Where Mutant: Year Zero Zone Compendium 4: The Eternal War was a supplement to a supplement, providing further robot encounters for Mutant: Year Zero – Mechatron – Rise of the Robots Roleplaying, Mutant: Year Zero Zone Compendium 5: Hotel Imperator returns to the Zone found in Mutant: Year Zero – Roleplaying at the End of Days—either the Big Smoke, the Big Apple, or a Zone of the Game Master’s own devising. It includes numerous encounters with the anthropomorphic animals of Mutant: Genlab Alpha and the sentient robots of Mechatron – Rise of the Robots Roleplaying, as well as some Humans of Mutant: Year Zero – Elysium. However, technically, Mutant: Year Zero Zone Compendium 5: Hotel Imperator is set before the events of Mutant: Year Zero – Elysium, and really, would work just as after its events too, perhaps in conjunction with Mutant: Year Zero – The Gray Death.

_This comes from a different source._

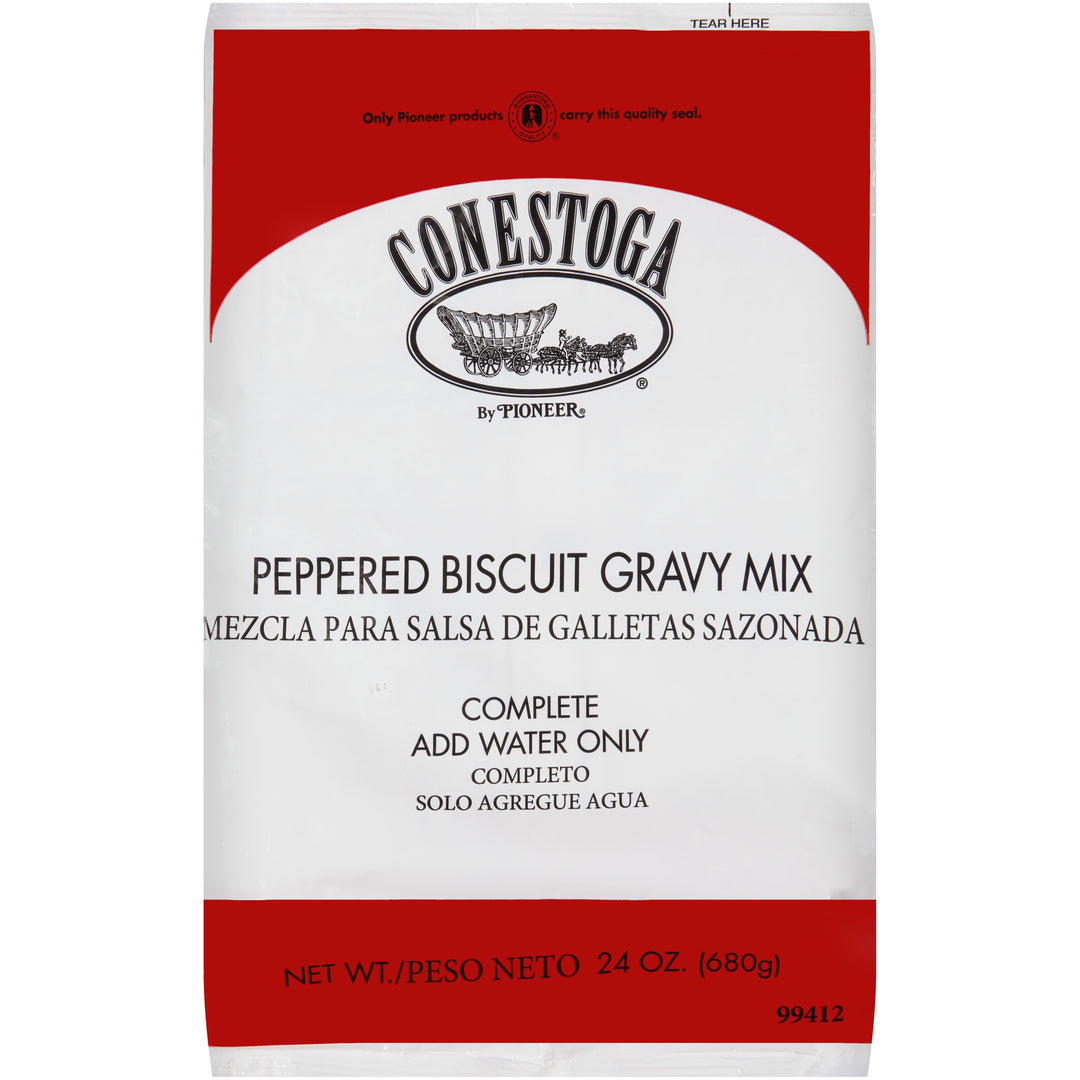 Conestoga Peppered Biscuit Gravy Mix-24 oz.-6/Case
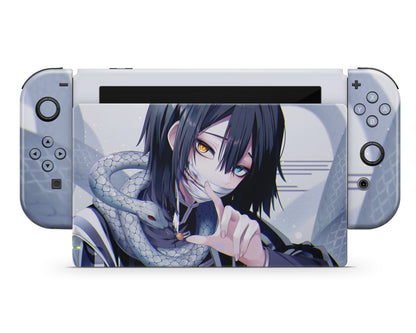 Anime Town Creations Nintendo Switch Demon Slayer Obanai Iguro Serpent Hashira Vinyl only Skins - Anime Demon Slayer Switch Skin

The first of the four ‘Special Zone Sectors’ in Mutant: Year Zero Zone Compendium 5: Hotel Imperator is the eponymous ‘Hotel Imperator’. This describes a weirdly still functioning hotel, complete with advanced features, but put to another purpose. It is the headquarters of a Psionically capable cabal called the Brain Ring with long term plans of domination for the Zone. If the Player Characters get inside, they will find an almost cornucopia of artefacts and things to be scavenged, but also a certain creepiness to both its atmosphere and its inhabitants. The situation and relationship between the inhabitants is on a knife edge, really awaiting the arrival of the Player Characters, but ‘Hotel Imperator’ is not best used simply plumped down as just another place for them to visit. Its write-up includes a number of events—some of them linked to previous entries in the ‘Zone Compendium’ series, suggesting how it can be worked into a campaign, but as a location it best works as the final part of plotline which the Game Master has worked into her campaign.

Of more immediate use is ‘The Long Road’, an encounter with relatively recently formed caravan operated by a band of anthropomorphic animals. Lead by an aggressive Orangutan, this is a relatively flexible encounter which does not have the big plot of ‘Hotel Imperator’, but rather can be used in a number of different ways, including trading partner, blockade, furthering another plot, and so on, but being nomadic, it can be moved around a lot.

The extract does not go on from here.